Kahraman Dedem

Tüm hislerimle yazdığım bu mektup gönüllere tercüman olsun

yazı resimYZ

Kahraman Dedem,
Seni sadece sallanan bir el olarak hatırlasa da zihnim , seninle bir ömür yaşadı yüreğim.
Bir yıpranmış el sallandı ve gitti köyümden… Aylar içinde o yolda çok el sallandı dede. Nereye gider o eller bilmezdik, tek gördüğümüz, gidenin bir daha gelmediğiydi dede. Gidenler sadece oyunlarımızda dönen askerlerdi sıraları gelince.
Yıllar geçti, önceden oynanan oyunlar yakar oldu yüreğimizi. Bin veba sardı dört yanı; açlık, yoksulluk, daha nicesi… Ama en fenası cephe haberleriydi dede.
Bu haberlerin nereden geldiğini öğrenmem zor olmadı, adı batasıca düşman Çanakkale’de ezermiş kutlu yurdu, elinden gelse denizi üstünüze kaldıracakmış ama kendi boğulmuş o suda dede.
Boğulmuş ya savaş bitti dediler, bir tebessüm düştü acılı yüzlere sonra derin bir sessizlik.
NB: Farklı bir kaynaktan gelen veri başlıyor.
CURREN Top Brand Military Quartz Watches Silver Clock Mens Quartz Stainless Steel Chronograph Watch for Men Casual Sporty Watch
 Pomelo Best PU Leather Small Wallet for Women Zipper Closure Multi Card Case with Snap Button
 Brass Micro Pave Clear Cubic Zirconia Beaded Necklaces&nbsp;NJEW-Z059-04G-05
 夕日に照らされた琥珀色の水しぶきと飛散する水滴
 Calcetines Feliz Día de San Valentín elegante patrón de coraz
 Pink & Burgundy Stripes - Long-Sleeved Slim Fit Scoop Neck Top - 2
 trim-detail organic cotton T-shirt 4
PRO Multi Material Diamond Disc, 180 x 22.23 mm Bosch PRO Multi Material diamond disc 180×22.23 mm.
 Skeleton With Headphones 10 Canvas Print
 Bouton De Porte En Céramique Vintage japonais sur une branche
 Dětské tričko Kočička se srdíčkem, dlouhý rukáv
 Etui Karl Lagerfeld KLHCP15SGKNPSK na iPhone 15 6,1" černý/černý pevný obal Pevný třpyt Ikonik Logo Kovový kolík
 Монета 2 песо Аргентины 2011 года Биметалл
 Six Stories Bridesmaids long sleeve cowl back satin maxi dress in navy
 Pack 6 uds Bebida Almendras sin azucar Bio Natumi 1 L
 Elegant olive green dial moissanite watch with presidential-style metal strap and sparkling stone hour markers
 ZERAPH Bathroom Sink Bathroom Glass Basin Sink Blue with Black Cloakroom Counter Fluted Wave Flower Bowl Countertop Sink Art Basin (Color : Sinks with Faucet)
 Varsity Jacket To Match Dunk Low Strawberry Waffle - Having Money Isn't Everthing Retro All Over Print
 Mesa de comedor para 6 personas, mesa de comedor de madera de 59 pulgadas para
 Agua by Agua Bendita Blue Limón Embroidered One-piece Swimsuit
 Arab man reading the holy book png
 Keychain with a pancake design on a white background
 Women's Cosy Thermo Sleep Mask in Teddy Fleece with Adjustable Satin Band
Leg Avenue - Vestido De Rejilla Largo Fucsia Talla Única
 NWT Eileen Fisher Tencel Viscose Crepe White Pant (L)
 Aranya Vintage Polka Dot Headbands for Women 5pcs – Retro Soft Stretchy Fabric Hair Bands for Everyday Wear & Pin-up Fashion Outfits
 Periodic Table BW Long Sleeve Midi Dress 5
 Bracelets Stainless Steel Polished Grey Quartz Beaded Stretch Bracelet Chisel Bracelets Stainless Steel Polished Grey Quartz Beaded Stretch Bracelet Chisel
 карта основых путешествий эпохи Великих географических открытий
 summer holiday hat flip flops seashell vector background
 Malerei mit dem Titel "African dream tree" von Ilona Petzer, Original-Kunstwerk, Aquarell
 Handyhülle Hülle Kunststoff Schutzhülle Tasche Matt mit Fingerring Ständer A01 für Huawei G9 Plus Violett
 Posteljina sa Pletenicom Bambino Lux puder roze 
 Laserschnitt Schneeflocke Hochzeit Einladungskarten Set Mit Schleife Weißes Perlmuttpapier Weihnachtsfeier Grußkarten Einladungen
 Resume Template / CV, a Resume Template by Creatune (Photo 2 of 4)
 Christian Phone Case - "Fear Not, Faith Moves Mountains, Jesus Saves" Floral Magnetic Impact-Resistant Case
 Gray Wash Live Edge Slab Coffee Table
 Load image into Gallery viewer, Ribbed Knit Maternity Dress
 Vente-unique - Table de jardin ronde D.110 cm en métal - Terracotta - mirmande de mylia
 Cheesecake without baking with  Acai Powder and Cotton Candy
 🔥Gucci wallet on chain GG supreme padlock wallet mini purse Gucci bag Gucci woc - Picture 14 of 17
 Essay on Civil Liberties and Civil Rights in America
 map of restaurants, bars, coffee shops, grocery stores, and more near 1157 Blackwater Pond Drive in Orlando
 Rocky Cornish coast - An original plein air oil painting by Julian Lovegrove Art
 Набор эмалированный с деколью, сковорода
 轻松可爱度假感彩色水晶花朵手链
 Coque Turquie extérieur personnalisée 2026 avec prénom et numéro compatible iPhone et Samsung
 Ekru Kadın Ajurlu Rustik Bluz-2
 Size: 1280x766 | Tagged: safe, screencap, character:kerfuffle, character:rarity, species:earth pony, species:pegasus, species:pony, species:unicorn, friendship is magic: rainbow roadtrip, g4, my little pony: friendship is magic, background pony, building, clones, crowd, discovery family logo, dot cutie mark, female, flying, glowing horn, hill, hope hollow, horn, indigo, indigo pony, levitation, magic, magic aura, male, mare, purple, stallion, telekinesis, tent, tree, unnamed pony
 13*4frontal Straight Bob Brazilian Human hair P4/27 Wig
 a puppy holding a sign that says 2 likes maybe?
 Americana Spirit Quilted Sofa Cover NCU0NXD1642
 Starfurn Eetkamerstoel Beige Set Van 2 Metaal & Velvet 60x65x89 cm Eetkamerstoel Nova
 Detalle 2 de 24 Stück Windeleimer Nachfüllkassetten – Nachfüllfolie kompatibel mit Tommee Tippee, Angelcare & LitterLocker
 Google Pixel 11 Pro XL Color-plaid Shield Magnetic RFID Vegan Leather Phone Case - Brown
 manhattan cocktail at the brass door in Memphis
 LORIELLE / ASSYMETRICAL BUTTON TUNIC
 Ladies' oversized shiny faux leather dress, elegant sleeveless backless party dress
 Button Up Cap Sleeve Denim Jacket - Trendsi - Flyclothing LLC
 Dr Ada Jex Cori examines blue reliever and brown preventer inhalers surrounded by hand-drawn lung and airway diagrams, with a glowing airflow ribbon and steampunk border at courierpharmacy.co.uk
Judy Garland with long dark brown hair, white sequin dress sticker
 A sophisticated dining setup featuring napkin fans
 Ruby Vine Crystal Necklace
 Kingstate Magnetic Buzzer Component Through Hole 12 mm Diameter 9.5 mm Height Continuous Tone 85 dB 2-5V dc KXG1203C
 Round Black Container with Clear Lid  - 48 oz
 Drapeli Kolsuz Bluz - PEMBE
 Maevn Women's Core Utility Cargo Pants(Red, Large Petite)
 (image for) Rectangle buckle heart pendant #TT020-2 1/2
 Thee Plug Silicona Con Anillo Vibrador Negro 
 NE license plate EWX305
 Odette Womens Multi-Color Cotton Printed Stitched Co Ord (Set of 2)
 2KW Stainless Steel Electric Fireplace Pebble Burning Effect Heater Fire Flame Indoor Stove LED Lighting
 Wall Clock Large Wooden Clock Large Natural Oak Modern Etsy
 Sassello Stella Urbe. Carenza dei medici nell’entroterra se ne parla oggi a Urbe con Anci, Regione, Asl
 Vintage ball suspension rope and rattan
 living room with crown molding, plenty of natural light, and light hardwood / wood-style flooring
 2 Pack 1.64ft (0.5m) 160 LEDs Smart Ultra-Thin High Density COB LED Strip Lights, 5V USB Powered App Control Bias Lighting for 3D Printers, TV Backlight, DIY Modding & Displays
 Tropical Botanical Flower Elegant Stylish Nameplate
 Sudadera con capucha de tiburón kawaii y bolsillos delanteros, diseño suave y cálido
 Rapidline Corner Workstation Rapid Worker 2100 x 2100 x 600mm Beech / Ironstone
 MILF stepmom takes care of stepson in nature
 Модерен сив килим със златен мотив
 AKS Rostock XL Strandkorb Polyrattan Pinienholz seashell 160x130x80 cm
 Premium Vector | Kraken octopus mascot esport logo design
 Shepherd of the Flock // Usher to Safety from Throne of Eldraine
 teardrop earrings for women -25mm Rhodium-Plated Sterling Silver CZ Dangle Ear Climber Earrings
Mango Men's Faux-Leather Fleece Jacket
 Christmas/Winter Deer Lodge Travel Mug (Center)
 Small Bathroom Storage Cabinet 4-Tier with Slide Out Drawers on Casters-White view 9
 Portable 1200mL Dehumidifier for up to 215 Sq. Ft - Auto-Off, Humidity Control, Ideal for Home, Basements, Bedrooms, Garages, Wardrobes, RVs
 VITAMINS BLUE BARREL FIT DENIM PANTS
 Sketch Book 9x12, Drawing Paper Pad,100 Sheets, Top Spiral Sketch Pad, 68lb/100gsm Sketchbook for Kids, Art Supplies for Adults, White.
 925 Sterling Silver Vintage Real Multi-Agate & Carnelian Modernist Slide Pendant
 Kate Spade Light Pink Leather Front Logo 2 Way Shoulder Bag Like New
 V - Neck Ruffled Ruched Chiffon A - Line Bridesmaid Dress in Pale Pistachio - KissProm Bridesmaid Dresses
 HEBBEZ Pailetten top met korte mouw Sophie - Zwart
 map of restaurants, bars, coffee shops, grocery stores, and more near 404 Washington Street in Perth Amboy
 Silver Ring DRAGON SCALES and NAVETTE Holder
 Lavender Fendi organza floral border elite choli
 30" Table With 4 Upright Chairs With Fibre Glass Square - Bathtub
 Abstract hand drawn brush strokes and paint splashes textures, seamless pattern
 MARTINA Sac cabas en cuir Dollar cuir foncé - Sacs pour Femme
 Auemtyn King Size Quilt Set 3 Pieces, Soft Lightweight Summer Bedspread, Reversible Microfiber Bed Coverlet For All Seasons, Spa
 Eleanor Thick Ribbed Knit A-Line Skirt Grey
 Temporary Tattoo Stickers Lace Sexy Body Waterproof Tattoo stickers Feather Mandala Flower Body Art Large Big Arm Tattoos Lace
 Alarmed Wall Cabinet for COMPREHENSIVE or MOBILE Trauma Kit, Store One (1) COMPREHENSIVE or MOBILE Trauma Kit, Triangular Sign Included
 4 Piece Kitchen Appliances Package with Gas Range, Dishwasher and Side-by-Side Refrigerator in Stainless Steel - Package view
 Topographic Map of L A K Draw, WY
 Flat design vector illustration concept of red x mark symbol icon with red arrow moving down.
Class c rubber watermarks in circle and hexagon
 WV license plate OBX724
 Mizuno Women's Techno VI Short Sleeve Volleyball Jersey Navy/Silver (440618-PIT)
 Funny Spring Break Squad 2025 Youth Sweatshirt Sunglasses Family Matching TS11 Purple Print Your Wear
Dile kolay iki yüz elli bin nefer, onca genç yitmişti dede. Ama benim için en acısı harçlık veren kalmamıştı dede, gerçi verilecek parada yokmuş ama çocuktum dede. Çocuktum ve sebebini bilmediğim bir gülüp bir ağlamalarla büyüdüm. Sadece bir şey değişmedi o yıllardan beri içimde; senin, mehmetçiğin yazdığı destanın etkisi dede. O muhteşem güç, yedi cihana “Kahrman düşmanım” dedirtecek insanlık dede.
Ben bir şehit torunuyum, bu vatan üzerinde yaşayan herkes bir şehit torunu, oğlu, kızı dede.Ve en son vatan evladının göğsünde çarparak fışkıran ateş sönmedikçe, ne Mehmetçik unutulur, ne yazdığı destan, ne de Çanakkale dede.